Ideally, the stress liner layer is deposited so that it conforms to the surface of the gate electrodes and surfaces between adjacent gate electrodes such that the stress liner layer includes canyon-like regions between adjacent gate electrodes. However, when the thickness of the stress liner layer is greater than a certain thickness, a phenomenon known as “bridging” can occur where the canyon-like regions “close” and are also filled by the stress liner material. In other words, when bridging occurs, the stress liner material bridges a gap between adjacent gate electrodes. Increasing the thickness of the stress liner layer beyond a thickness where bridging begins to occur is of little value, if any, since the amount of stress tends to saturate beyond this thickness. In other words, as the thickness of the stress liner layer increases to the point where bridging starts and the canyon-like regions between adjacent gate electrodes begin to close, increases in device performance due to the stress liner layer tend to saturate, and therefore, there is no reason to increase the thickness of the stress liner layer beyond a certain thickness. Bridging becomes particularly problematic as the “gate pitch” or repeat distance between gate electrodes of adjacent MOS transistors decreases, which is desirable when attempting to decrease layout area. To help avoid bridging of the stress liner layer, one approach is to simply reduce the thickness of the stress liner layer.

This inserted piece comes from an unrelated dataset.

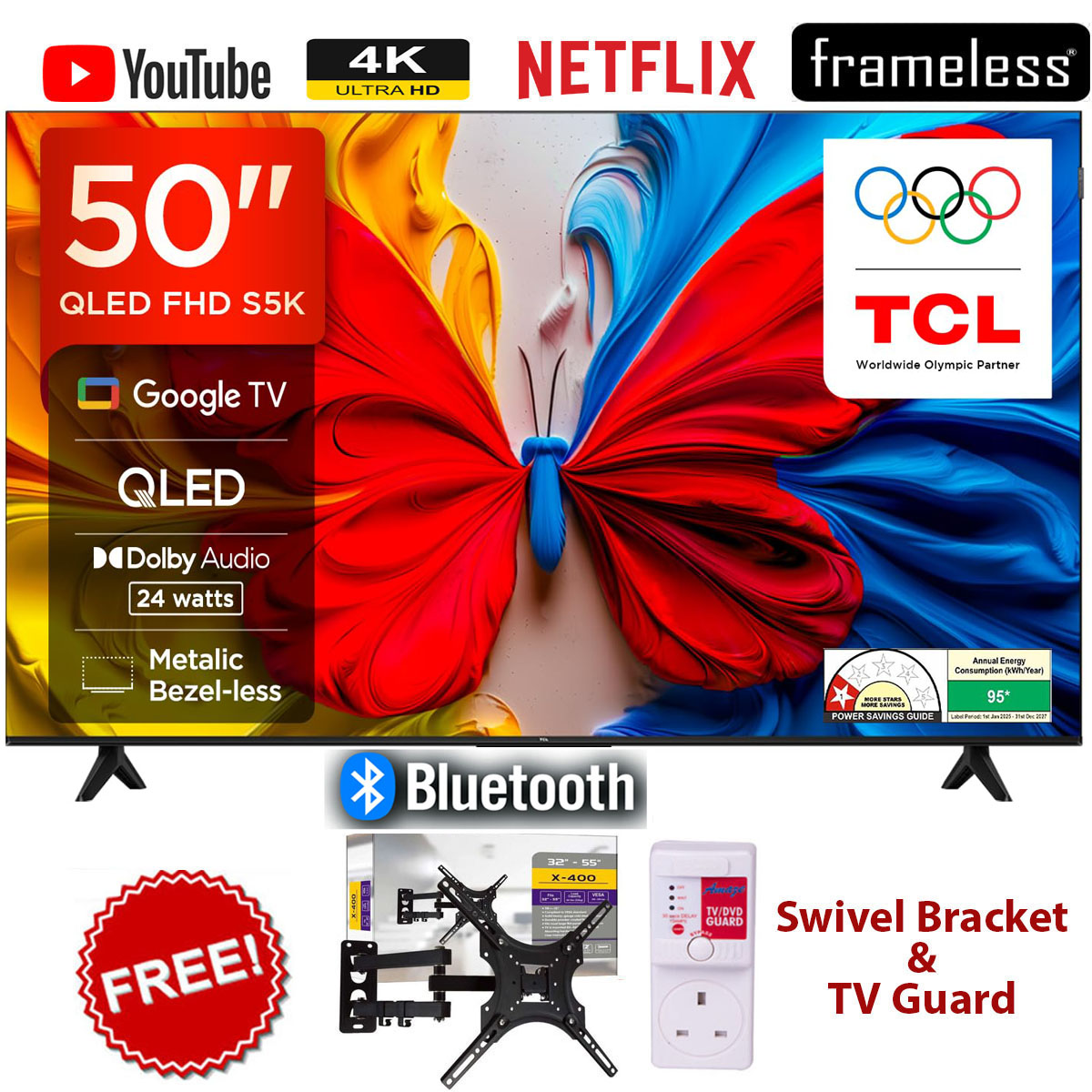 TCL 50" Inch QLED TV, Google Smart Android TV, Wi-Fi, Bluetooth, Netflix, YouTube, Prime Video, Dolby Audio, Digital Decoder + FREE TV GUARD &SWIVEL 360 BRACKET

Some integrated circuits include both narrow gate pitch transistors and wide gate pitch transistors. Narrow gate pitch transistors have a gate pitch which is less than that of the wide gate pitch transistors. Wide gate pitch transistors are generally provided in such a semiconductor device to provide transistors with improved performance in comparison to narrow gate pitch transistors. Wide gate pitch transistors have more stress line material between adjacent gate electrodes and this allows for a higher level of stress to be applied along the channels of these wide pitch transistors. With respect to wide gate pitch transistors, the thickness of the stress liner layer that can be deposited before bridging occurs is substantially greater since the spacing between adjacent gate electrodes is greater for wide gate pitch transistors. Therefore more stress liner material can be applied over the wide gate pitch transistors before the gap between adjacent gate electrodes is bridged by the stress liner layer. This helps to increase stress applied to the channel of the wide gate pitch transistors. However, when the narrow gate pitch transistors are also present, the thickness of the stress liner layer can not be increased too much since it would cause bridging with respect to the narrow gate pitch transistors.

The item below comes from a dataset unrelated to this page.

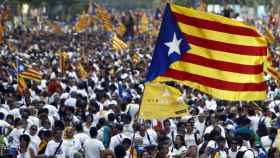 Un momento durante la manifestación de la Diada / EFE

Accordingly, it is desirable to provide improved methods for fabricating a stress enhanced semiconductor device which includes both narrow gate pitch transistors and wide gate pitch transistors. Furthermore, other desirable features and characteristics of the present invention will become apparent from the subsequent detailed description and the appended claims, taken in conjunction with the accompanying drawings and the foregoing technical field and background.